→ TRY IT: Every entry must be transcribed exactly. Pictures are not part of the copy.

*** PROVIDED MATERIAL ***

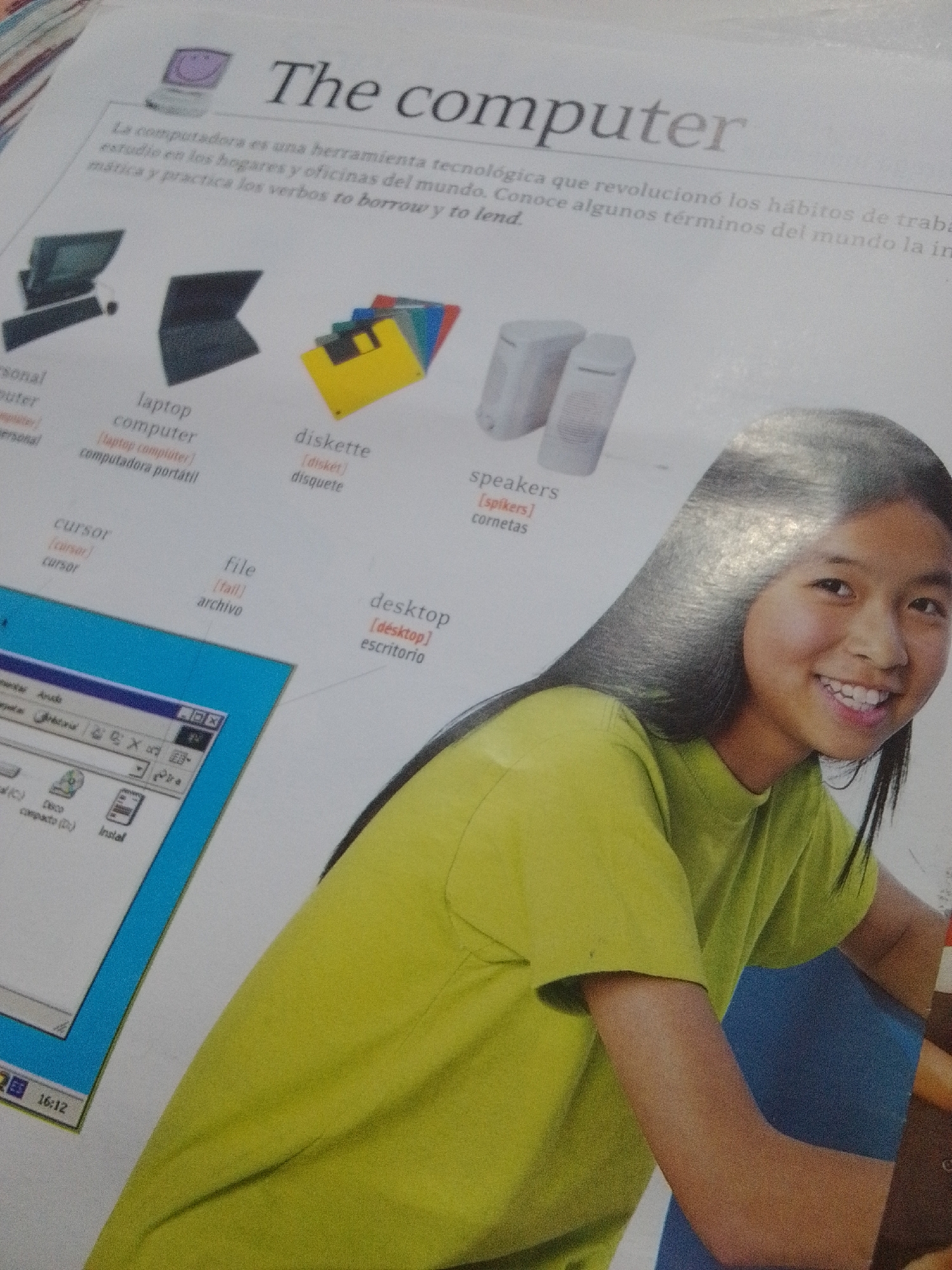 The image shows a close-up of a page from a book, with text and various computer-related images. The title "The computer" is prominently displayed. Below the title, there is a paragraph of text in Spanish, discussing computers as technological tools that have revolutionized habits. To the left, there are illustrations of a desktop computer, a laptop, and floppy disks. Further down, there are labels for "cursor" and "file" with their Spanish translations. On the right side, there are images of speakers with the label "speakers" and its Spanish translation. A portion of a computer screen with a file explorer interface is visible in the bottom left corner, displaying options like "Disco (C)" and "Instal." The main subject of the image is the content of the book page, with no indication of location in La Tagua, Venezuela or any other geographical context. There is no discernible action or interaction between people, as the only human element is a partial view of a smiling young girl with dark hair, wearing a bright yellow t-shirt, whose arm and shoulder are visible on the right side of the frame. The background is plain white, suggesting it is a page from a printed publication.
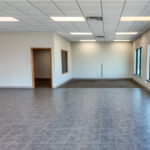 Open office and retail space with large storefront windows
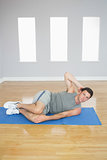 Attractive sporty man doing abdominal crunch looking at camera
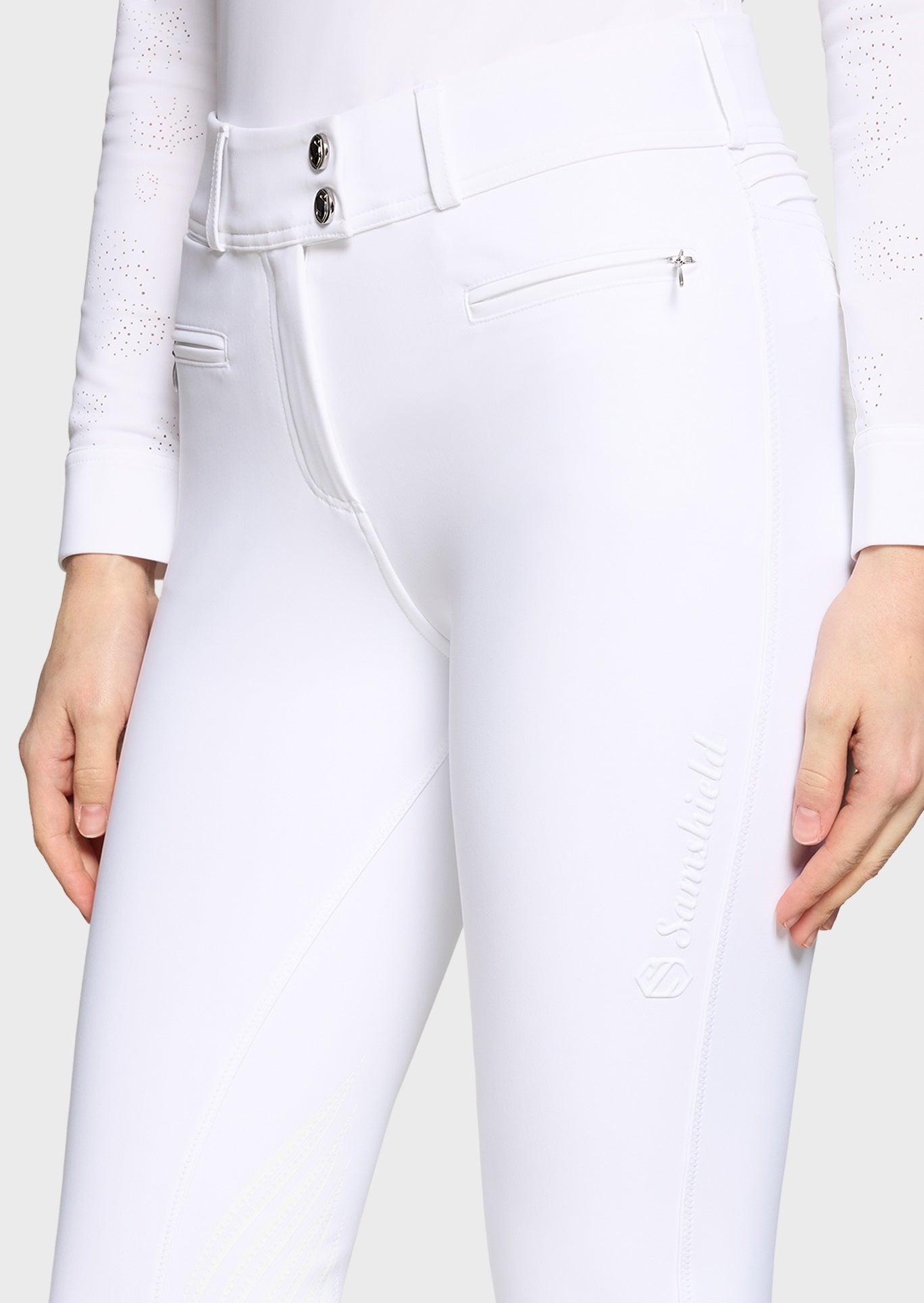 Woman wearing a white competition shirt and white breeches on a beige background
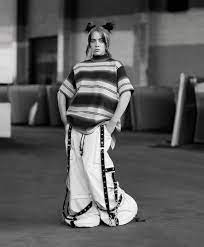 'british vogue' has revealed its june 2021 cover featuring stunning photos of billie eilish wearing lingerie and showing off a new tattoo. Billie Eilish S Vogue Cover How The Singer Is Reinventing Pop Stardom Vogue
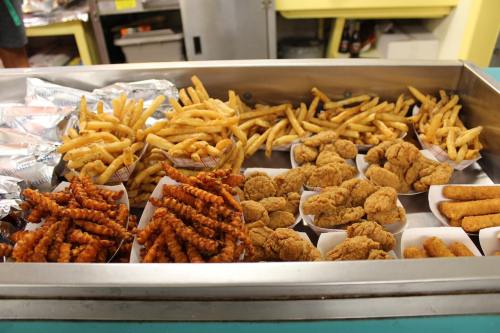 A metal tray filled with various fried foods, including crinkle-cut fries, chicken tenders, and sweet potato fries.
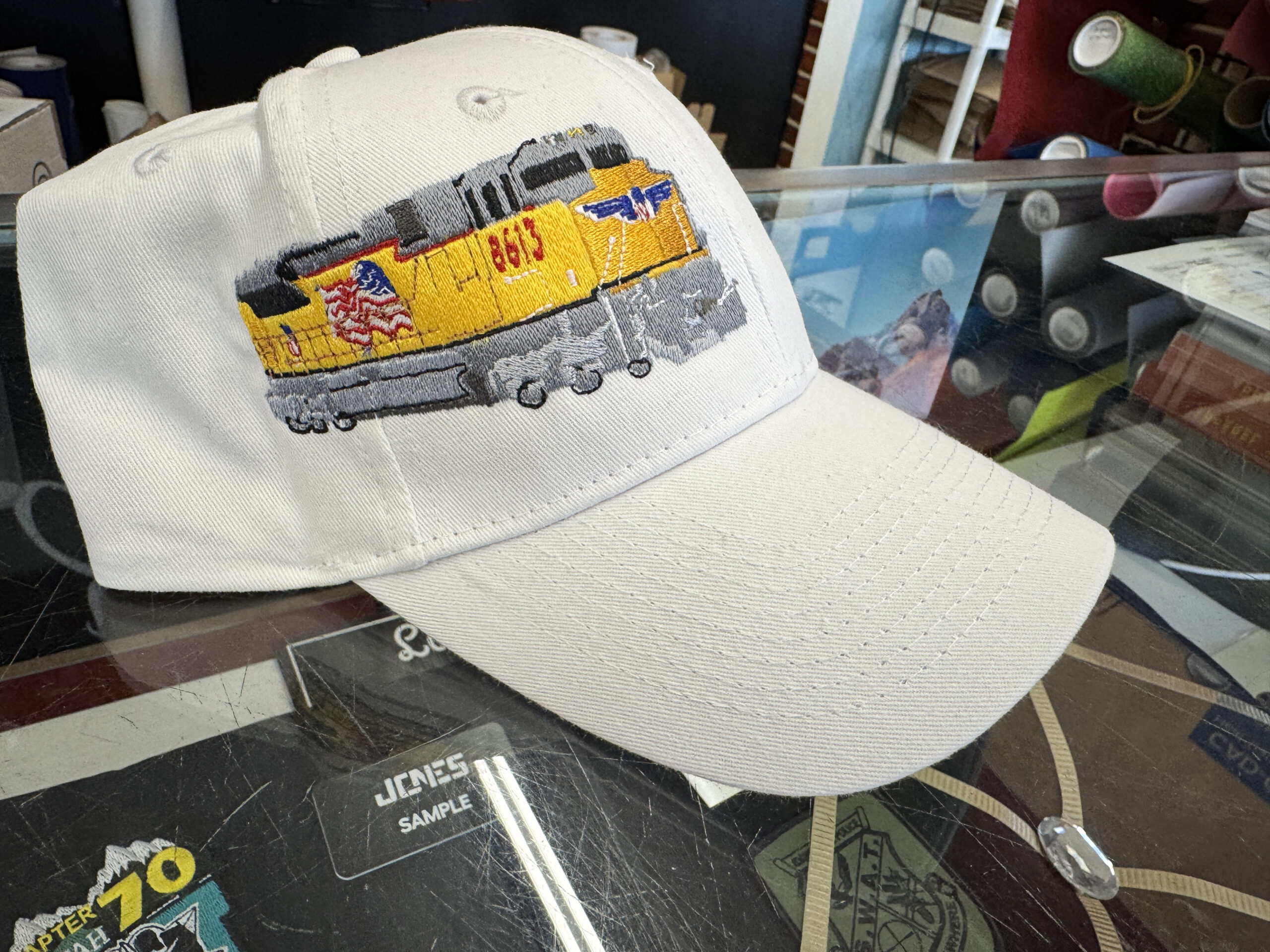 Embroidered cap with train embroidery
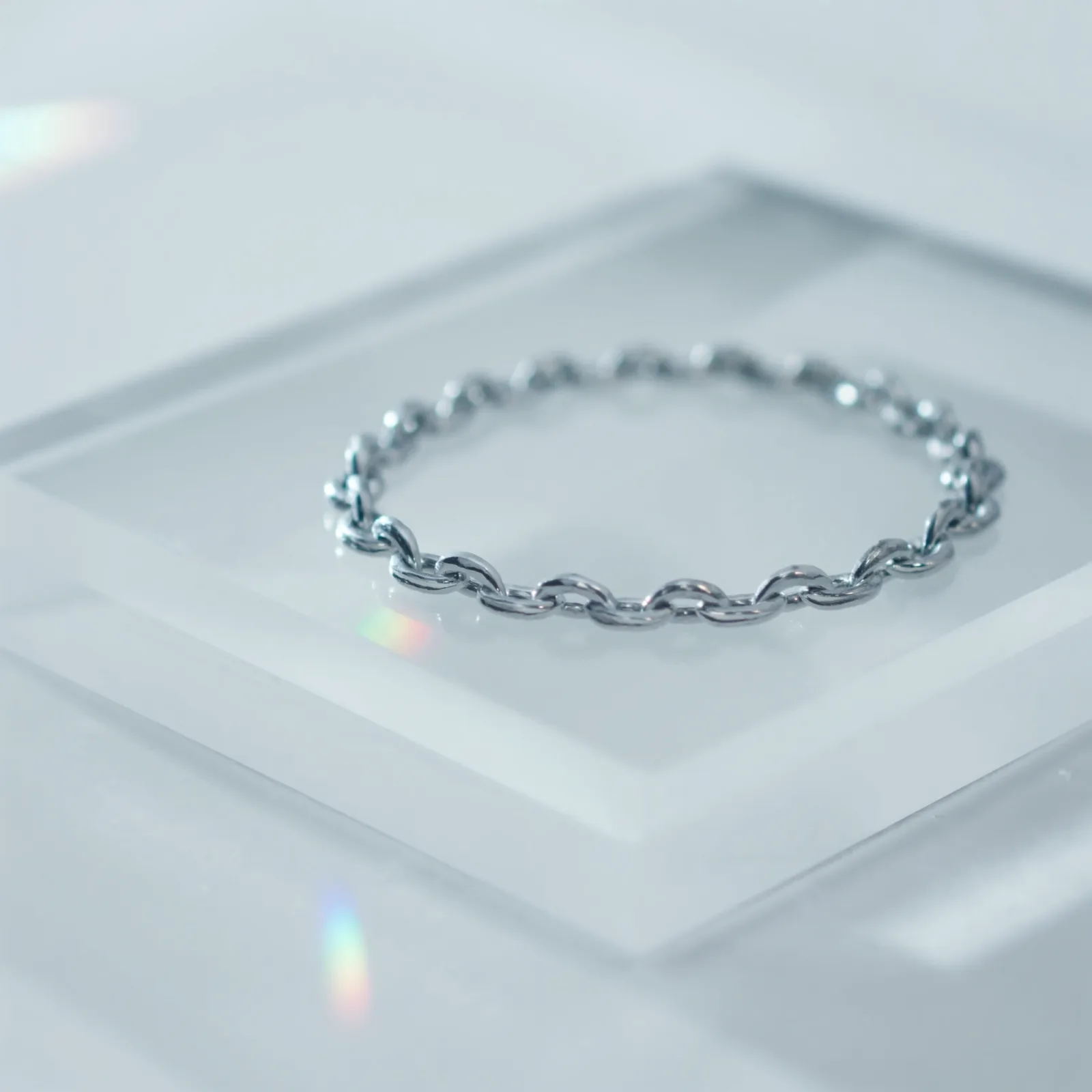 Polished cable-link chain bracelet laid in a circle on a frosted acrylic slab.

*** End of PROVIDED MATERIAL ***

→ ANSWER FOR THIS EXERCISE:
 The image shows a close-up of a page from a book, with text and various computer-related images. The title "The computer" is prominently displayed. Below the title, there is a paragraph of text in Spanish, discussing computers as technological tools that have revolutionized habits. To the left, there are illustrations of a desktop computer, a laptop, and floppy disks. Further down, there are labels for "cursor" and "file" with their Spanish translations. On the right side, there are images of speakers with the label "speakers" and its Spanish translation. A portion of a computer screen with a file explorer interface is visible in the bottom left corner, displaying options like "Disco (C)" and "Instal." The main subject of the image is the content of the book page, with no indication of location in La Tagua, Venezuela or any other geographical context. There is no discernible action or interaction between people, as the only human element is a partial view of a smiling young girl with dark hair, wearing a bright yellow t-shirt, whose arm and shoulder are visible on the right side of the frame. The background is plain white, suggesting it is a page from a printed publication.
 Open office and retail space with large storefront windows
 Attractive sporty man doing abdominal crunch looking at camera
 Woman wearing a white competition shirt and white breeches on a beige background
 'british vogue' has revealed its june 2021 cover featuring stunning photos of billie eilish wearing lingerie and showing off a new tattoo. Billie Eilish S Vogue Cover How The Singer Is Reinventing Pop Stardom Vogue
 A metal tray filled with various fried foods, including crinkle-cut fries, chicken tenders, and sweet potato fries.
 Embroidered cap with train embroidery
 Polished cable-link chain bracelet laid in a circle on a frosted acrylic slab.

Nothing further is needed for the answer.